⟨

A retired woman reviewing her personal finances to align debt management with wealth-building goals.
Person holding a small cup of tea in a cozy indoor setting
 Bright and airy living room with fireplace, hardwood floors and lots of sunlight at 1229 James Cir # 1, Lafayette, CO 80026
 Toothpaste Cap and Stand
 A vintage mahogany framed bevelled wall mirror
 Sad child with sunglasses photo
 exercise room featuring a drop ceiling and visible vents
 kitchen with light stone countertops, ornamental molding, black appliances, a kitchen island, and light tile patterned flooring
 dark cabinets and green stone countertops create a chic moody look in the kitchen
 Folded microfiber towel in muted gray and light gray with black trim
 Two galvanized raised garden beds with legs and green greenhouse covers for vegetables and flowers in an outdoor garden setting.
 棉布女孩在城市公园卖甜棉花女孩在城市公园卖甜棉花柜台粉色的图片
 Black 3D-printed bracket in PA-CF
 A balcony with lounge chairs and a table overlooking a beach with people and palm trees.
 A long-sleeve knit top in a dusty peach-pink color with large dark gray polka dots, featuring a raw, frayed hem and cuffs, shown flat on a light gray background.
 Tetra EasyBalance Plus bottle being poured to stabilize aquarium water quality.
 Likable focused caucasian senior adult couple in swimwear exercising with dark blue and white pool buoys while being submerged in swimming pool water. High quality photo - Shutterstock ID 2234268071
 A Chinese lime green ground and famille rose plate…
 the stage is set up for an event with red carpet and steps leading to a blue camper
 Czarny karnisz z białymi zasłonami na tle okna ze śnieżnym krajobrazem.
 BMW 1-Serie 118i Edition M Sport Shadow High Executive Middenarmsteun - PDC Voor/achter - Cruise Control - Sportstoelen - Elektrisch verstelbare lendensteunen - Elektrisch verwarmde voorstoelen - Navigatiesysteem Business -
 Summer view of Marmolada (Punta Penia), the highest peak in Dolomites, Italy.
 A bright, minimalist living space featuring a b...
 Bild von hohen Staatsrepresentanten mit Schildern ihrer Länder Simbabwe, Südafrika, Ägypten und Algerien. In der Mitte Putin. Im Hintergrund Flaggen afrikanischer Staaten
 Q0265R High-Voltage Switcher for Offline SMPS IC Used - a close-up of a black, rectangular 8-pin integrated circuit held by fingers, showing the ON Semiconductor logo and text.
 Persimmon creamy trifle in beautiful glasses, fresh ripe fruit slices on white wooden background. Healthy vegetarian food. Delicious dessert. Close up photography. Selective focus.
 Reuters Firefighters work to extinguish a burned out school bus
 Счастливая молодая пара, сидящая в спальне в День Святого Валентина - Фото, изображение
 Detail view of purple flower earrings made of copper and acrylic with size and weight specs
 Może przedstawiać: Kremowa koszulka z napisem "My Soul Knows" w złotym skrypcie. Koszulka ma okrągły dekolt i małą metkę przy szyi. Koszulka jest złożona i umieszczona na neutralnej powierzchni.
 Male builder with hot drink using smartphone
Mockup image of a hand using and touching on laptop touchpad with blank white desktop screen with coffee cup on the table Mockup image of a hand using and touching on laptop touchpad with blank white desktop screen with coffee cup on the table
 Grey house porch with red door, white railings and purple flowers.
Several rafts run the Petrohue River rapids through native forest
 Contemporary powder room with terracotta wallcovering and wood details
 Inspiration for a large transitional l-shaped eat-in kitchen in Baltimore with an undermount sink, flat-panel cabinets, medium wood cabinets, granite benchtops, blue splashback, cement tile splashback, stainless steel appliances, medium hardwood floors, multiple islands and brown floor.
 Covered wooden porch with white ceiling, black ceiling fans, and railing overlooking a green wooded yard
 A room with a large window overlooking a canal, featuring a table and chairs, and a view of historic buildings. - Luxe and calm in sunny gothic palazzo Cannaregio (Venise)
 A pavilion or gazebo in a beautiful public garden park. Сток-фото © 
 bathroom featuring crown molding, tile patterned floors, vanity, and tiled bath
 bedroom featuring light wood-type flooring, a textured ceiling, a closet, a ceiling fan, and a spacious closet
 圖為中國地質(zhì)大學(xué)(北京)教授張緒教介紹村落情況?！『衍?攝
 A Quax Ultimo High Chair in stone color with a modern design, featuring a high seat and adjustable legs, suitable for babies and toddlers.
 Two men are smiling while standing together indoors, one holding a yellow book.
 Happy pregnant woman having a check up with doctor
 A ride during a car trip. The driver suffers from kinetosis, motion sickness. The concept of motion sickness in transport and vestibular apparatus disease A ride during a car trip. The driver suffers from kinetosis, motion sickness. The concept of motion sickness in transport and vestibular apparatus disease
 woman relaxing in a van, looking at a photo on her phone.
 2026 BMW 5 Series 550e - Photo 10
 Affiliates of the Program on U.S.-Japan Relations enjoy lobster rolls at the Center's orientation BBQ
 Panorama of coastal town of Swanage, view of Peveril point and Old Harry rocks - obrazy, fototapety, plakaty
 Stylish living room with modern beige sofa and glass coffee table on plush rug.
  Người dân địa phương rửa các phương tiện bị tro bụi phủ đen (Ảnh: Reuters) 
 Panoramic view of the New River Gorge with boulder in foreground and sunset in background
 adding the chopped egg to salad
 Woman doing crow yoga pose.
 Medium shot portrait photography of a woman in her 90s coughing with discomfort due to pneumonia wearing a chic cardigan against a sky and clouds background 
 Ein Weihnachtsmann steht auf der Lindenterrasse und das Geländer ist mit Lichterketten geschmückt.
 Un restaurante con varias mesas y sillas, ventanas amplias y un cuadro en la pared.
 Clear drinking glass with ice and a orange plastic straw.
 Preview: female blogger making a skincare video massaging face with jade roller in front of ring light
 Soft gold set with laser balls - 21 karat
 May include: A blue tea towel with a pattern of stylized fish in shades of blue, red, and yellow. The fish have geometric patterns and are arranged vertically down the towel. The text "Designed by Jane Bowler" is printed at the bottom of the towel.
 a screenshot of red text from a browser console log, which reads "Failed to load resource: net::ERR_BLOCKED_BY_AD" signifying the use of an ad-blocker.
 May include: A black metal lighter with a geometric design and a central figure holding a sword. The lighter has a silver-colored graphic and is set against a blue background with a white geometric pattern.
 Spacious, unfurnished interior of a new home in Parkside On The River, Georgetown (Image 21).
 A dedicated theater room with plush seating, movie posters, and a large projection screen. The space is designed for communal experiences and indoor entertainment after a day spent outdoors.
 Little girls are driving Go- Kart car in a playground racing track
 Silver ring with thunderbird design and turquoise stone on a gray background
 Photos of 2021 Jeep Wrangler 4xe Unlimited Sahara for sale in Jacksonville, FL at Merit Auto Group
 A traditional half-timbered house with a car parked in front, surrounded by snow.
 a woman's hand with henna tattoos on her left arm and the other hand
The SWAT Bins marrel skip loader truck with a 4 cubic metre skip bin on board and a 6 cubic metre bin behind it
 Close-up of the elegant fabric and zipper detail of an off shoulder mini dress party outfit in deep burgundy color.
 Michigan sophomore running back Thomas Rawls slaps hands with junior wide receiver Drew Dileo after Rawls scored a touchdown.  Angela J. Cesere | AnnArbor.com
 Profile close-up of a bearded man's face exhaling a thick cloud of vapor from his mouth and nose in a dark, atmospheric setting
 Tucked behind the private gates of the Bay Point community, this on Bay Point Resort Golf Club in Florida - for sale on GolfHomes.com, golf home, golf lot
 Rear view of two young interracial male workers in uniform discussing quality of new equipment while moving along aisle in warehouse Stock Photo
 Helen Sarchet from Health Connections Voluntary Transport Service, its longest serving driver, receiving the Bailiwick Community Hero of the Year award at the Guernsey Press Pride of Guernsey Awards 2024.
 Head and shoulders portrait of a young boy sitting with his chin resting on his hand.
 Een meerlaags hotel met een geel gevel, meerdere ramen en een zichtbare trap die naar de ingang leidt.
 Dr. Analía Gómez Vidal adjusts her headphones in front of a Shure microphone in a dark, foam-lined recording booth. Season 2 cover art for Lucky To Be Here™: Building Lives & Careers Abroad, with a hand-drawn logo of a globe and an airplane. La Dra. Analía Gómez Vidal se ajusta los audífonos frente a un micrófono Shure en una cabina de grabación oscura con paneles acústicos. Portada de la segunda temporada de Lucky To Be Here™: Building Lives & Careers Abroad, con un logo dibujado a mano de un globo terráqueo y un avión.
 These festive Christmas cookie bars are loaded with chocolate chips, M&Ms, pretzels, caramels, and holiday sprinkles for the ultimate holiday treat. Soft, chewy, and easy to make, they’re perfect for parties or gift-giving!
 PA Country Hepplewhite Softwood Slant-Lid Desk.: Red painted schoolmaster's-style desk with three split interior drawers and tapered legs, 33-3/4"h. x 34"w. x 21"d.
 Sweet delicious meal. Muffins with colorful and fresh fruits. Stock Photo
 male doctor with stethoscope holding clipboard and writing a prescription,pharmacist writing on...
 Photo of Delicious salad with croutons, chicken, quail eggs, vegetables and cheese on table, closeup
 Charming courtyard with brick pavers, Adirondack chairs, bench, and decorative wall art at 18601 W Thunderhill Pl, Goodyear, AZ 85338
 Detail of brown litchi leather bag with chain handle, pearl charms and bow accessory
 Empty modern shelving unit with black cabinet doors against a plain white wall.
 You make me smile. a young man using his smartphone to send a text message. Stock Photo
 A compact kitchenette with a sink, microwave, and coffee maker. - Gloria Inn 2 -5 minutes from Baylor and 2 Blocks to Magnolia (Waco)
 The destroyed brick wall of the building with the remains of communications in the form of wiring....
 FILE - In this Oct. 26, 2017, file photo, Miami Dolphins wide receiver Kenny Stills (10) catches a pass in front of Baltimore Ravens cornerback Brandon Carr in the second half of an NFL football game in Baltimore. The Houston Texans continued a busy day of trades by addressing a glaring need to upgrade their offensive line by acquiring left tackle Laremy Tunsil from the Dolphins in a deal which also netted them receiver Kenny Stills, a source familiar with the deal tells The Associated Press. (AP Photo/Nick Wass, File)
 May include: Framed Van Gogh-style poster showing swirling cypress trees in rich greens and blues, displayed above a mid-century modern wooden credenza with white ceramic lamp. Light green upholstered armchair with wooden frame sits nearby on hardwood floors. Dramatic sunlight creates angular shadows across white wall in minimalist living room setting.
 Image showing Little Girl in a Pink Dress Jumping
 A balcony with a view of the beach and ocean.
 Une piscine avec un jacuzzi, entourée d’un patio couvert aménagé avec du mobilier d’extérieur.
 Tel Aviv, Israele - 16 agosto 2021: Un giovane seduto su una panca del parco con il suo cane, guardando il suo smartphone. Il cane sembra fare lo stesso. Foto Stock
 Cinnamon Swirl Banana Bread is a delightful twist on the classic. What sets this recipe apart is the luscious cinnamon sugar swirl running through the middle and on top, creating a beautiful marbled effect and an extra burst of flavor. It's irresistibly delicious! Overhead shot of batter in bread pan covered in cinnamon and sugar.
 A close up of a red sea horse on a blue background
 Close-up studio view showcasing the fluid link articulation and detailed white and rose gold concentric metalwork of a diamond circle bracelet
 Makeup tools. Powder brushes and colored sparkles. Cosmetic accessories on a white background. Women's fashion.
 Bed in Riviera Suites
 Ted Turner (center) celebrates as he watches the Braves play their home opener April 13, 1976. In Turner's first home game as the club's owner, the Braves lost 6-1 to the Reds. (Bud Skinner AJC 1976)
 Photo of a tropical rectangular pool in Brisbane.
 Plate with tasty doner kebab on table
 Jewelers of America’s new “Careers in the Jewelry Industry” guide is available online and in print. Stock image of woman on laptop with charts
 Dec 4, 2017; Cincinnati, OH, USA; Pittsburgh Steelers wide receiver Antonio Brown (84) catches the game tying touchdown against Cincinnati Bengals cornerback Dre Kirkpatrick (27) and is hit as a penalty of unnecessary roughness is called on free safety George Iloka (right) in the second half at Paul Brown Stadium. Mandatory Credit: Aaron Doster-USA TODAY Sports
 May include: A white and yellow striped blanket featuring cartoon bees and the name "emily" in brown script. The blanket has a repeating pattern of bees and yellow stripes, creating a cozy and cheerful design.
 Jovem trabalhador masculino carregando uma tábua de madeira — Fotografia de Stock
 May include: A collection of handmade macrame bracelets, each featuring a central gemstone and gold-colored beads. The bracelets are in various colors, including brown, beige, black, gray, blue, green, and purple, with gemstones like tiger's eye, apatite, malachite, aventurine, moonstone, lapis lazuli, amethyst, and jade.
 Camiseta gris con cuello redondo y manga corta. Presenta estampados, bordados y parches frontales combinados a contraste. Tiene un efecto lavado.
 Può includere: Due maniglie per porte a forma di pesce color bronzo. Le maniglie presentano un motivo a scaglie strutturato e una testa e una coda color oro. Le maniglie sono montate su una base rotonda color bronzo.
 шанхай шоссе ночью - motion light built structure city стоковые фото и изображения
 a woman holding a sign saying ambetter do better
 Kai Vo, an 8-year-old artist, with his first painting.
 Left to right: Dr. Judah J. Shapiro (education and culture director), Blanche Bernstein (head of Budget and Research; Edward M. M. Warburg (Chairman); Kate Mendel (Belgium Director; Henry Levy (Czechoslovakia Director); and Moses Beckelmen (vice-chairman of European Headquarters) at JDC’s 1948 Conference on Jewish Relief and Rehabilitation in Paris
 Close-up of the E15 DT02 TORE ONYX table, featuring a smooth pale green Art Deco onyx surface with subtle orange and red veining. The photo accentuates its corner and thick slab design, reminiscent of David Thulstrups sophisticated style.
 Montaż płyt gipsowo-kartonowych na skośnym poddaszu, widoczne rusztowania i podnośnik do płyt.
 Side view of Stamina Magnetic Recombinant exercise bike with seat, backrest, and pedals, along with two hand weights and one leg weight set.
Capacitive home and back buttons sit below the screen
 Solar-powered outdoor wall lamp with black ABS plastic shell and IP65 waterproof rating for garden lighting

⟩

* [Task details]
Only a number is wanted here: how many lines of the records above contain "fresh".

* [Output of the task]
2